Usage with a Neo4j cluster

The Kafka Connect Neo4j Connector is the recommended method to integrate Kafka with Neo4j, as Neo4j Streams is no longer under active development and will not be supported after version 4.4 of Neo4j.

The most recent version of the Kafka Connect Neo4j Connector can be found here.

Overview

Neo4j Clustering is a feature available in Enterprise Edition which allows high availability of the database.

Neo4j Plugin

When the Neo4j Streams plugin is used with a Neo4j cluster, there are several things to keep in mind:

  • The plugin must be present in the plugins directory of all cluster members, and not just one.

  • The configuration settings must be present in:

    • all neo4j.conf files for versions prior of 4.0.7, and not just one;

    • all streams.conf files for versions since 4.0.7, and not just one.

Through the course of the cluster lifecycle, the leader may change; for this reason the plugin must be everywhere, and not just on the leader.

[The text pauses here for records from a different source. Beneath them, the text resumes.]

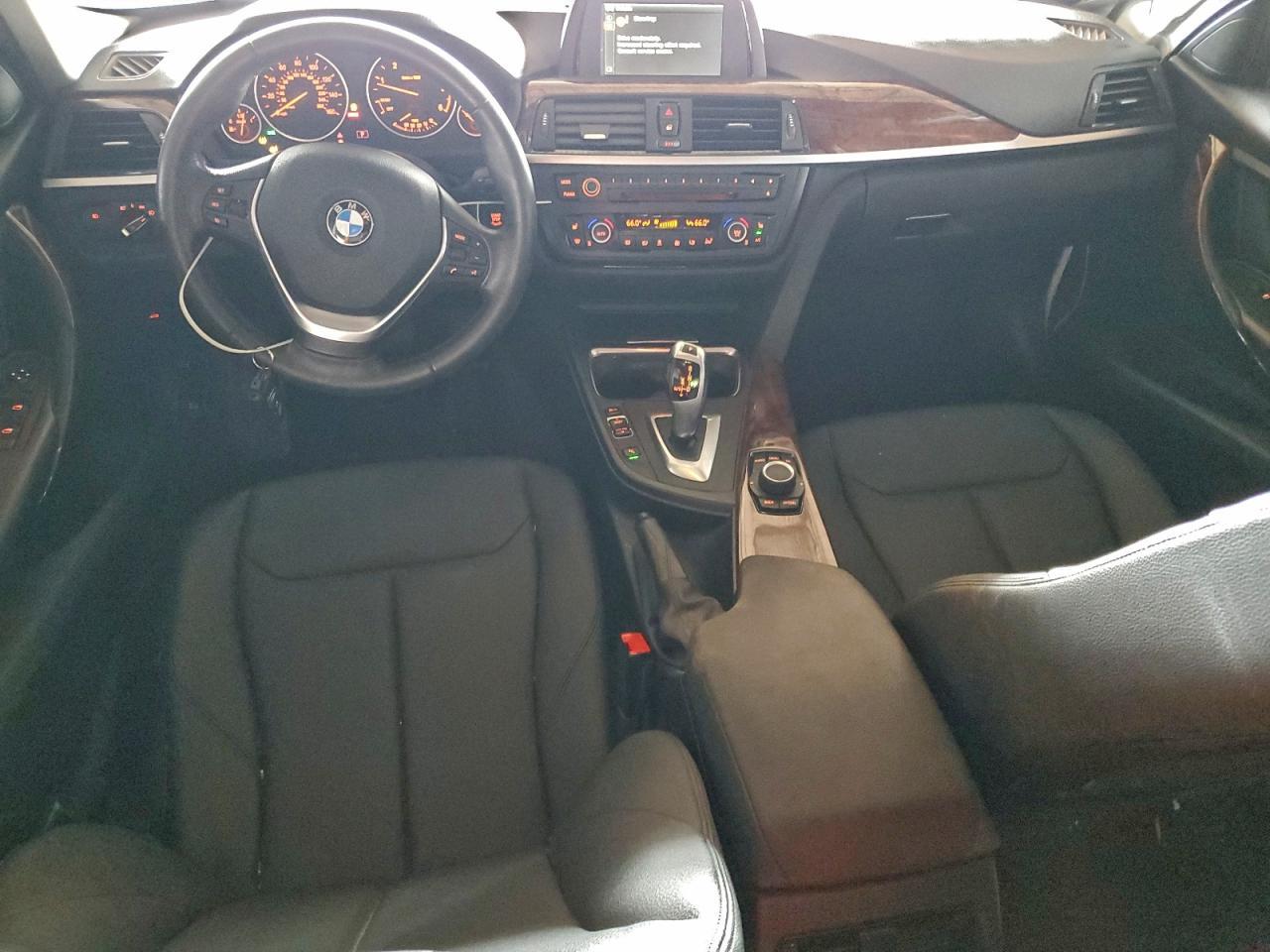 2014 BMW 3 SERIES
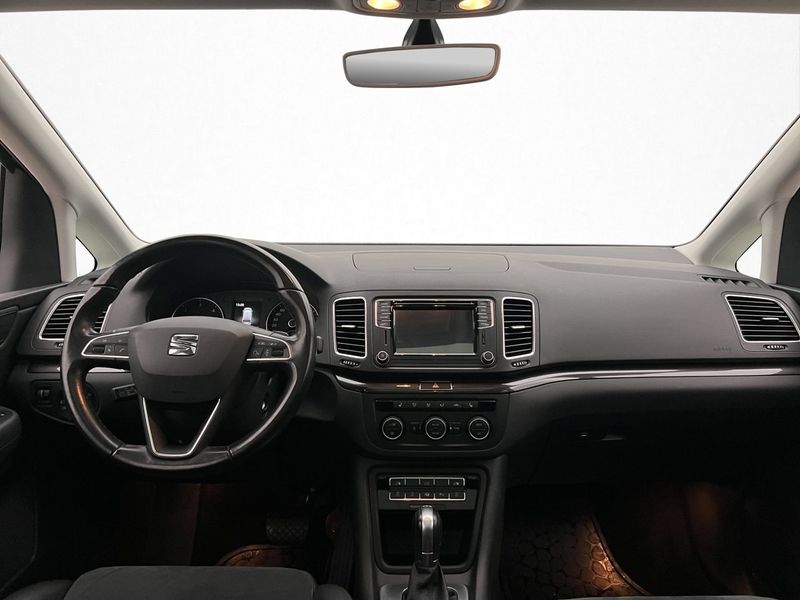 Seat Alhambra bild 13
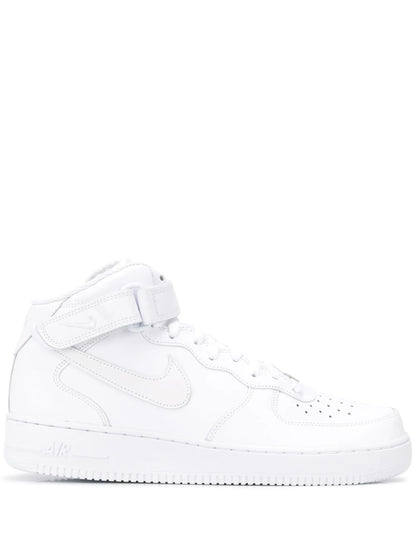 Nike Air Force One Bota Blanco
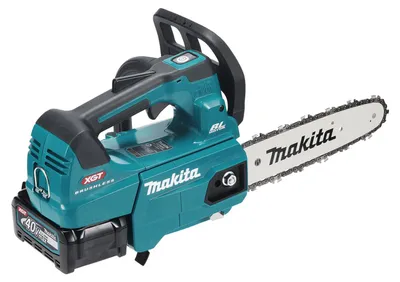 Produktbild von Makita Akku-Top-Handle-Kettensäge 40V max. / 4,0 Ah, 1 Akku + Ladegerät UC002GM101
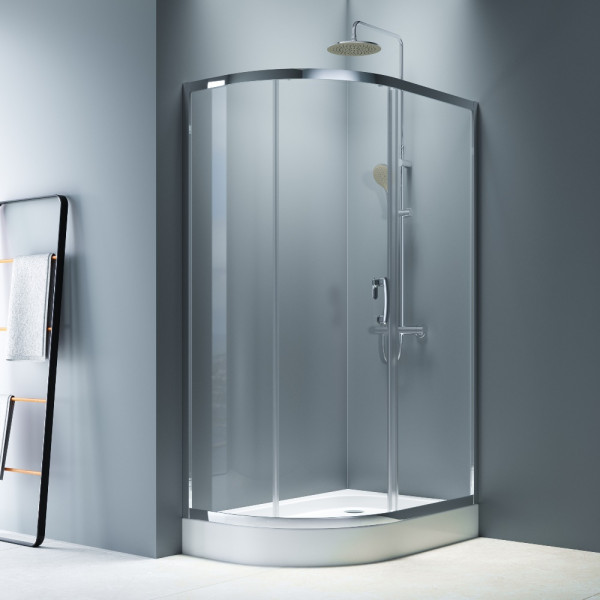 Душевой уголок AM.PM Like 120х80x190 стекло матовое, профиль хром (W83UG-302U120MT) Душевой уголок AM.PM Like 120х80x190 стекло матовое, профиль хром (W83UG-302U120MT)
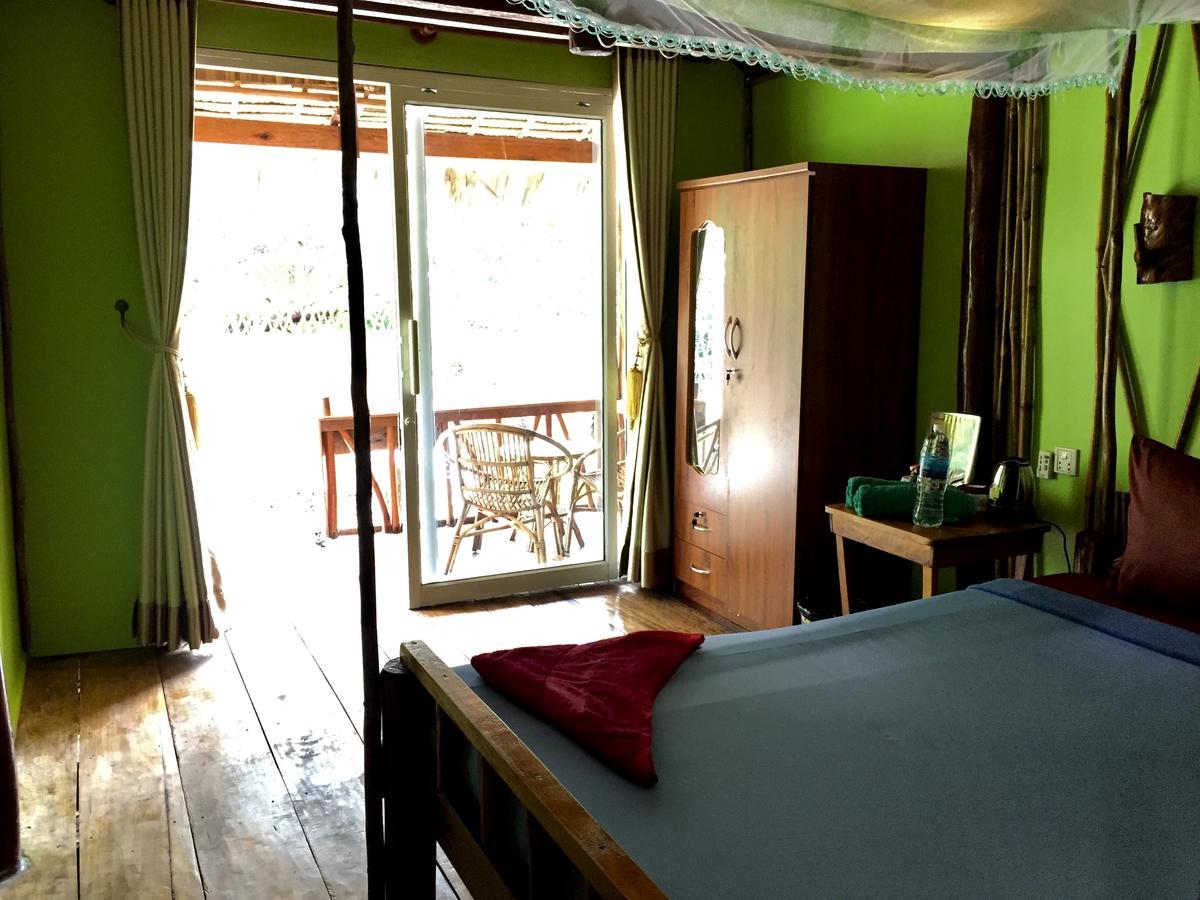 Sunny Bungalow Koh Rong Sanloem Bagian luar foto
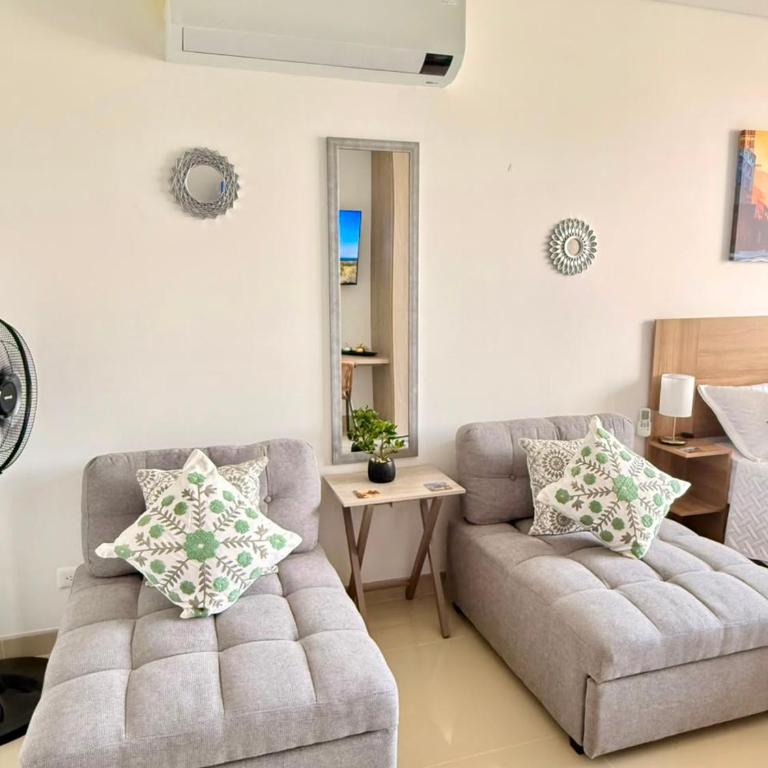 Confort y Vista a la Montaña - Apartamento de 1 dormitorio - 8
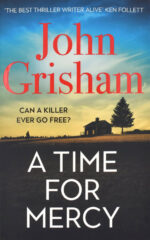 A Time For Mercy front cover image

The plugin detects the leader, and will not attempt to perform a write (i.e. in the case of the consumer) on a follower where it would fail. The plugin checks cluster toplogy as needed.

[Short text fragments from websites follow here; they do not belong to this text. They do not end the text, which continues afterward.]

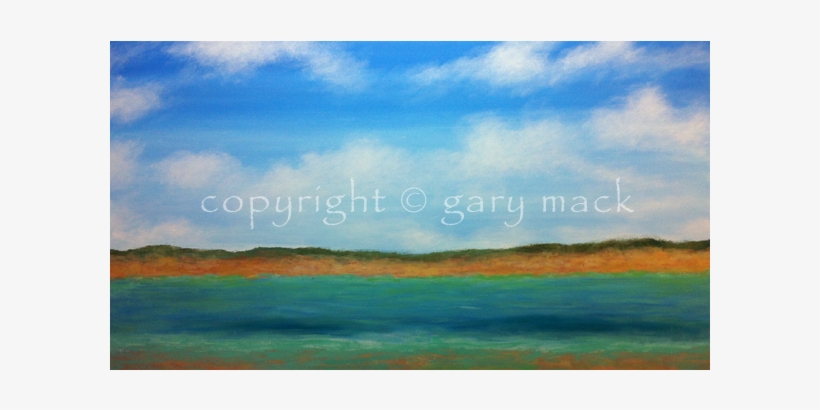 Click To Enlarge Image Marsh - Painting, transparent png download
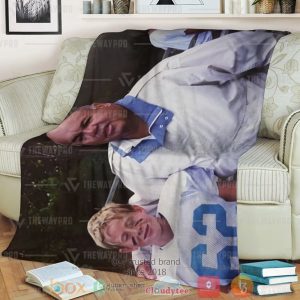Ben Ruszala Photo Custom Soft Blanket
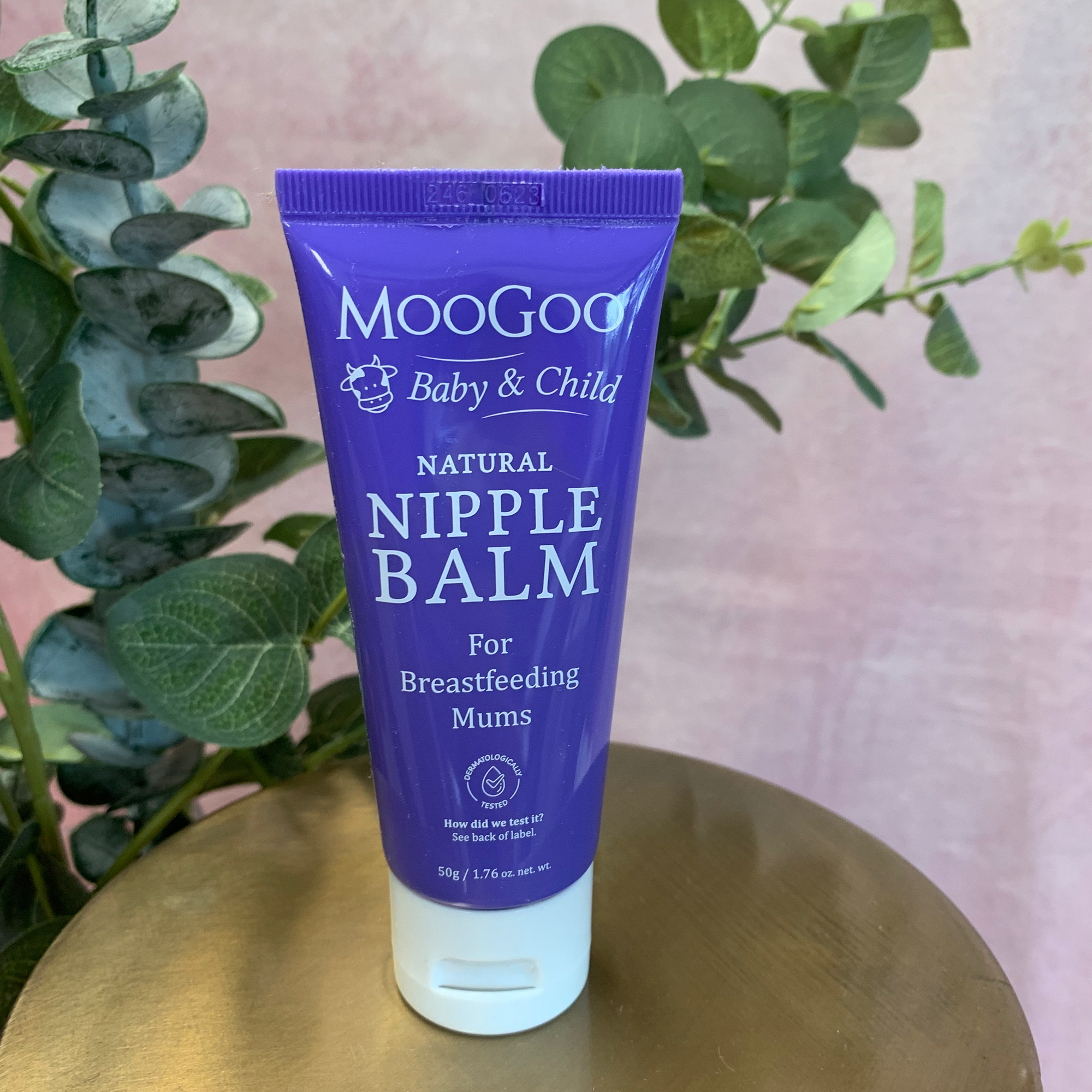 MooGoo Nipple Balm (50g)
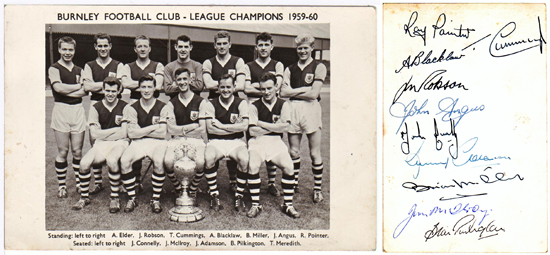 Burnley Book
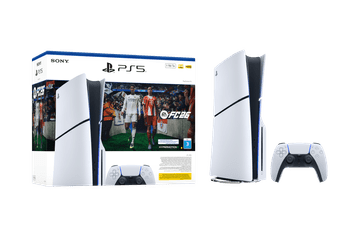 Sony Igraća konzola PlayStation 5 E Chassis + FC26 VCH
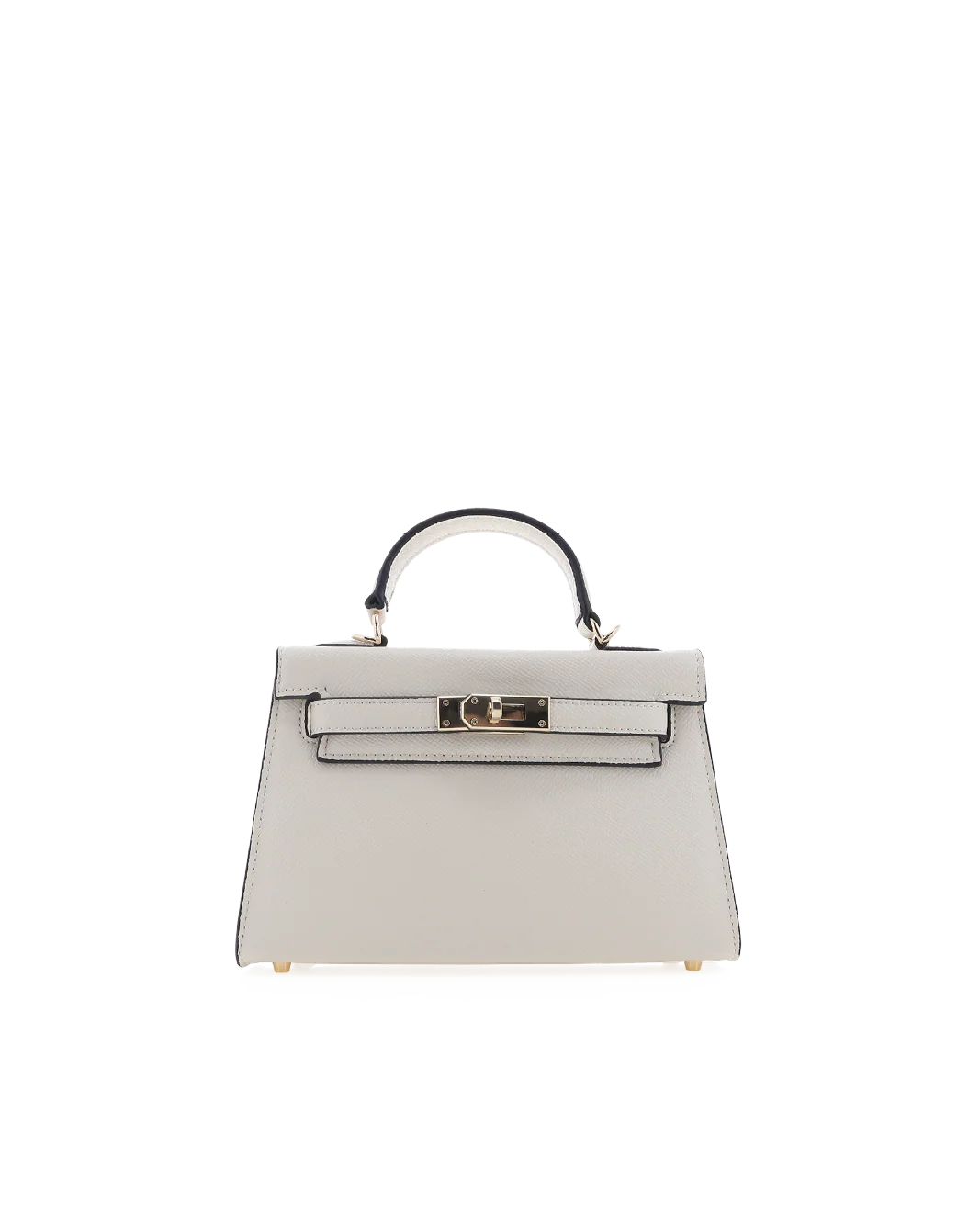 Hariette Handle Bag - Bone by Billini | 25 South Boutiques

Additionally for CDC, a consideration to keep in mind is that as of Neo4j 3.5, committed transactions are only published on the leader as well. In practical terms, this means that as new data is committed to Neo4j, it is the leader that will be publishing that data back out to Kafka, if you have the producer configured.

The neo4j streams utility procedures, in particular CALL streams.publish, can work on any cluster member, or read replica. CALL streams.consume may also be used on any cluster member, however it is important to keep in mind that due to the way clustering in Neo4j works, using streams.consume together with write operations will not work on a cluster follower or read replica, as only the leader can process writes.

Remote Clients

Sometimes there will be remote applications that talk to Neo4j via official drivers, that want to use streams functionality. Best practices in these cases are:

  • Always use a neo4j:// driver URI when communicating with the cluster in the client application.

  • Use Explicit Write Transactions in your client application when using procedure calls such as CALL streams.consume to ensure that the routing driver routes the query to the leader.